Miojo, não! Entenda por que macarrão instantâneo na Liberdade custa R$ 30
Glau Gasparetto e Thaís Lopes Aidar
Colaboração para Nossa
26/09/2023 04h00
Que atire o primeiro hashi quem nunca preparou um pacote de macarrão instantâneo num momento de pressa, preguiça ou porque gosta mesmo do alimento, tão prático quanto barato. É justamente pelo custo baixo que uma loja de São Paulo vem dividindo opiniões nas redes sociais — e fora delas.
No Rappa Ramen, focado em comida coreana, uma porção desse tipo chega a custar R$ 34. Mas a razão é bem diferente da opinião de que alegam ser "só um miojo".
Antes de tudo, é preciso lembrar que o ramen é um prato extremamente comum na Coreia do Sul — onde o nome correto é ramyun — e muitos países da Ásia, como Japão, China, Tailândia e Indonésia. Em alguns desses lugares, pode ser comparado com o nosso arroz com feijão de todo santo dia, sendo um recorte gastronômico característico daquela parte do mundo.
Na Coreia, todos comem a toda hora. A cultura do ramyun é muito forte por lá. Em qualquer loja de conveniência tem uma torneirinha com água fervente para preparar o seu próprio ramyun, cita o empresário Eun Taek Lee, 42 anos, que nasceu em Seul, mas mora no Brasil há 36.
A maquiadora brasileira Isabela de Albuquerque, 29, vive há cerca de 2 anos em Gunpo, na província de Gyeonggi, ao sul da capital sul-coreana, e conta que o ramen é oferecido como acompanhamento em restaurantes e servido como opção de café da manhã na instituição em que ela estuda. "E é a que acaba primeiro", afirma.

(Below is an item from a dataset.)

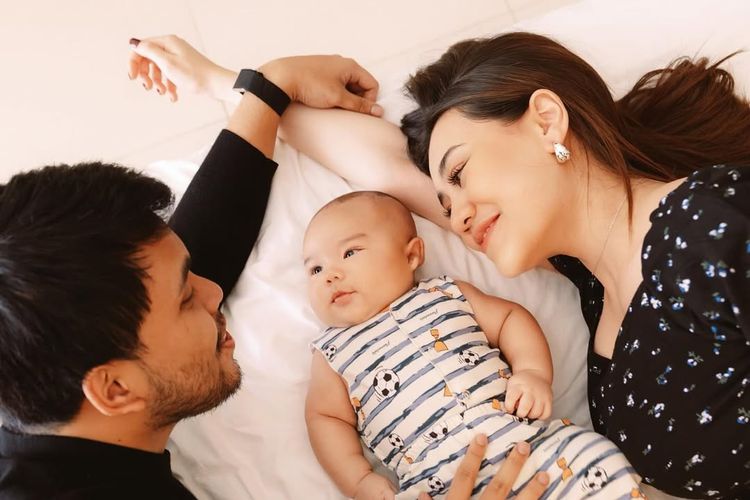 Baby Arash, putra Aaliyah Massaid dan Thariq Halilintar, kini berusia 3 bulan. Inilah potret kebersamaan mereka yang hangat dan menuai banyak pujian.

Não à toa, as lojas exclusivas de ramen têm pipocado por todos os cantos. Há, inclusive, as que funcionam ininterruptamente, no formato self service, ou seja, não há nem atendentes, como essa Ramen Convenience Store, em Seul.
A Good Noodles é apontada como a maior do mundo. Instalada em Bangkok, na Tailândia, oferece quase cem tipos de macarrão instantâneo para quem quiser preparar o seu prato ali mesmo.
Inspiração nas redes sociais
Foi justamente nessas casas que o empresário Sérgio Min Su Lee, 32 anos, se inspirou para abrir o Rappa Ramen, no bairro Liberdade, onde se concentra a comunidade oriental de São Paulo.
Vi esse estilo de negócio em vídeos de criadores de conteúdo em países da Ásia, especialmente na Coreia do Sul, com franquias como a C.U. Stores, em que as pessoas compram, preparam e consomem produtos alimentícios em lojas de conveniência, diz Sergio, que nasceu no Brasil e morou na Coreia por um ano.
A ideia nasceu em 2021, mas a casa abriu em março passado, em um espaço de 60 metros quadrados, no segundo andar da Galeria Imperial. Ali, estão instaladas sete máquinas para o preparo, todas importadas da Coreia. Como característica, têm um filtro acoplado em fogão de indução, com controlador de tempo e volume de água quente. O cozimento demora de 4 a 6 minutos, dependendo do ramen escolhido.
Filas nos fins de semana
São cerca de 30 opções de noodles, praticamente todas importadas da Coreia, além de um ou outro produto nacional. Ali, o cliente seleciona o macarrão que quer comer, escolhe dois dos cinco acompanhamentos disponíveis (kimchi, ovo cozido, queijo, kanikama e salsinha) e pode acrescentar quantos toppings quiser — acelga, cenoura e pepino ralados, broto de feijão e cebolinha.
Os pratos saem por R$ 15 (macarrão nacional), R$ 19,90, R$ 27, R$ 29, R$ 30 e R$ 34, dependendo do produto selecionado. Pode aumentar um pouco, caso o cliente queira acrescentar mais acompanhamentos — R$ 4 cada. Segundo o proprietário, o item nacional foi incluído como opção mais em conta, mas não é tão atrativo, quando comparado aos demais.
Ele aponta que as diferenças entre o produto daqui e os de fora começam com o peso: enquanto as alternativas importadas pesam de 100 gramas a 200 gramas por pacote, os daqui pesam em torno de 80 gramas.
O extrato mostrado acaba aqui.